‘Nobody is above the law’: Theresa May wades into
Downing Street parties row
Former prime minister breaks silence to express her
anger and expectation of full accountability
Matthew
Weaver
Fri 28 Jan
2022 13.53 GMT
Theresa May
has made her first intervention in the row over Downing Street parties, saying
she was angry to hear about them.
The former
prime minister, who has frequently criticised Boris Johnson on other issues,
has been conspicuously silent in the weeks since the “partygate” allegations
first emerged at the end of November.
Now,
however, she has said that if evidence were to emerge of deliberate wrongdoing
then “full accountability” should follow and that “nobody is above the law”.
In a letter
to her local newspaper, the Maidenhead Advertiser, she wrote: “It is vital that
those who set the rules, follow the rules … This is important for ensuring the
necessary degree of trust between the public and government.
“Like so
many, I was angry to hear stories of those in No 10, who are responsible for
setting the coronavirus rules, not properly following the rules.
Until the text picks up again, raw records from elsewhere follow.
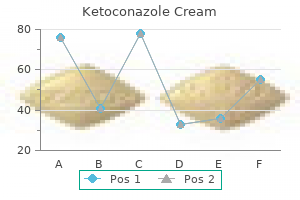 15 gm ketoconazole cream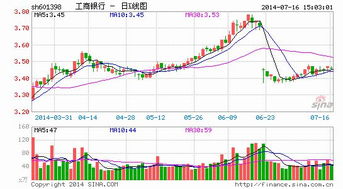 普通股、优先股、绩优股分别怎么理解，有哪些权利？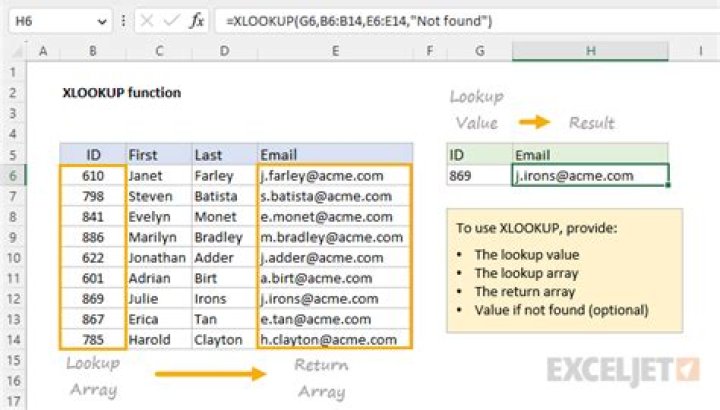 Is Xlookup faster than Vlookup?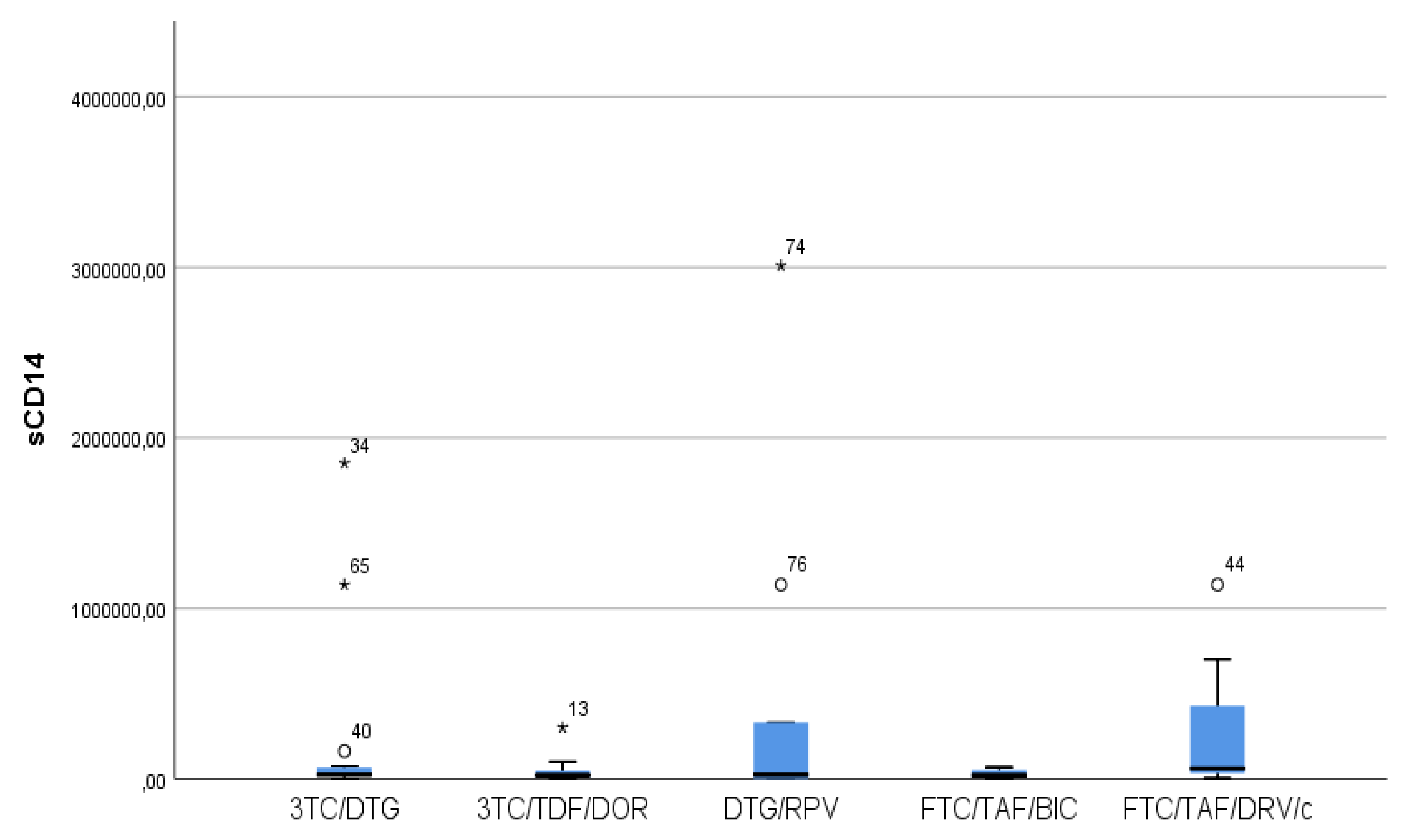 Preprints 110346 g005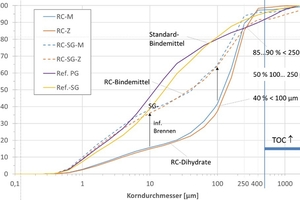 2 Grain size composition according to laser granulometry of the reference binders made of natural gypsum, the RC binders and RC Gypsums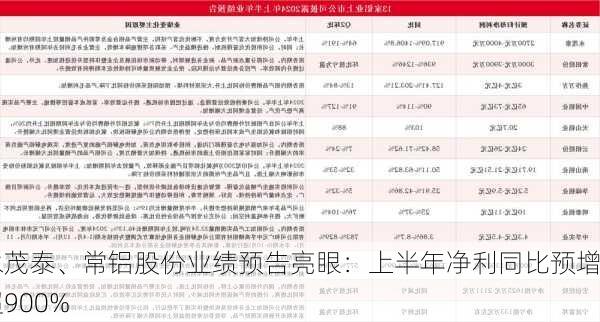 永茂泰、常铝股份业绩预告亮眼：上半年净利同比预增超900%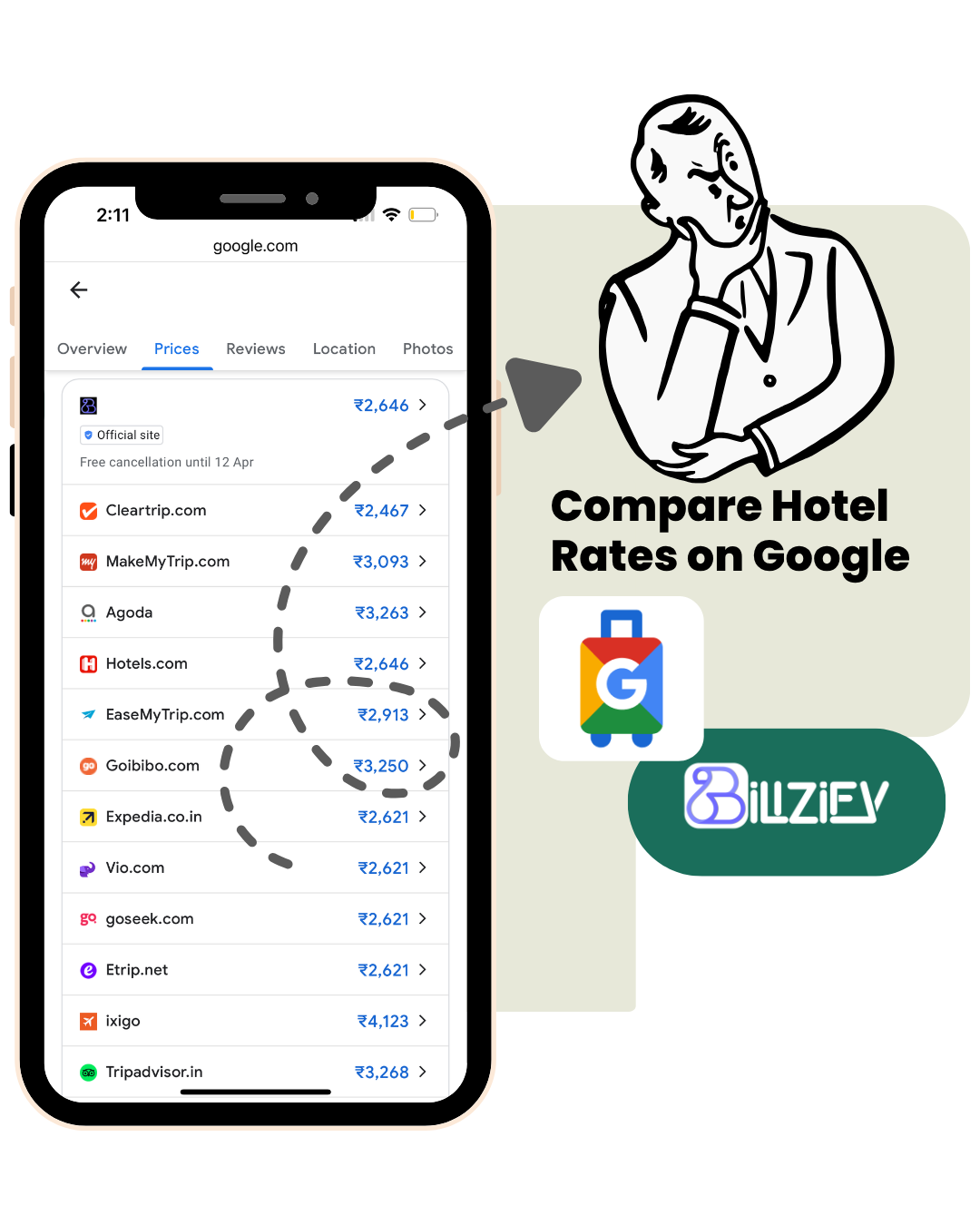 Billzify rates shown on Google Hotel search results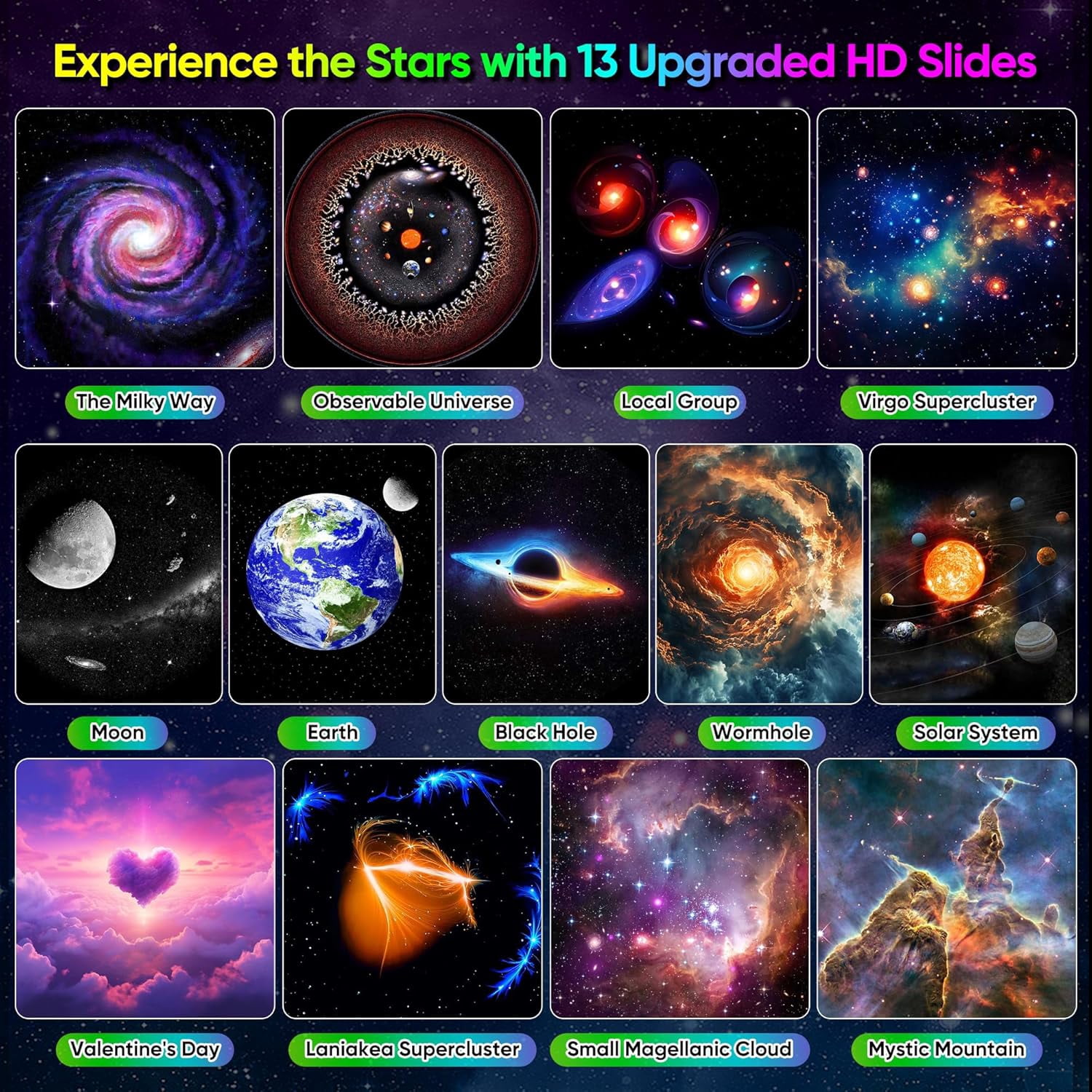 Galaxy Projector for Bedroom Pro Version, Upgraded 13 in 1 Planetarium Star Projector, 360° Rotating Galaxy Light Projector with Timer, Space Night Light Projector for Kids Adults Gifts Room Decor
All those
working at the heart of government should conduct themselves with the highest
of standards which befits the work they do, and this applies as much to those
working in No 10 as to other parts of government.”
The letter
was sent before the Metropolitan police launched an inquiry into alleged
parties after receiving evidence from Sue Gray, the senior official who has
been asked by Downing Street to investigate possible Covid rule-breaking in
Whitehall.
May said
that “if there is evidence of deliberate or premeditated wrongdoing, I expect
full accountability to follow”.
News of
May’s intervention came as it emerged that key parts of Gray’s report into the
parties could be pared back at the request of the police. Scotland Yard
revealed it had asked for references to matters it was now investigating to be
removed.
Johnson’s
resignation from May’s cabinet was seen as one of the blows to her authority
that led to her leaving No 10 in 2019.
She has
since been a vocal critic of her successor, making a number of sharp interventions
in the Commons and the media. She accused him last year of abandoning Britain’s
“position of global moral leadership” by threatening to break international law
during Brexit trade negotiations.
She also
attacked the government’s decision to cut foreign aid, saying it had “turned
its back on some of the poorest in the world”, and she dismissed government
assurances on post-Brexit security arrangements as “utter rubbish”.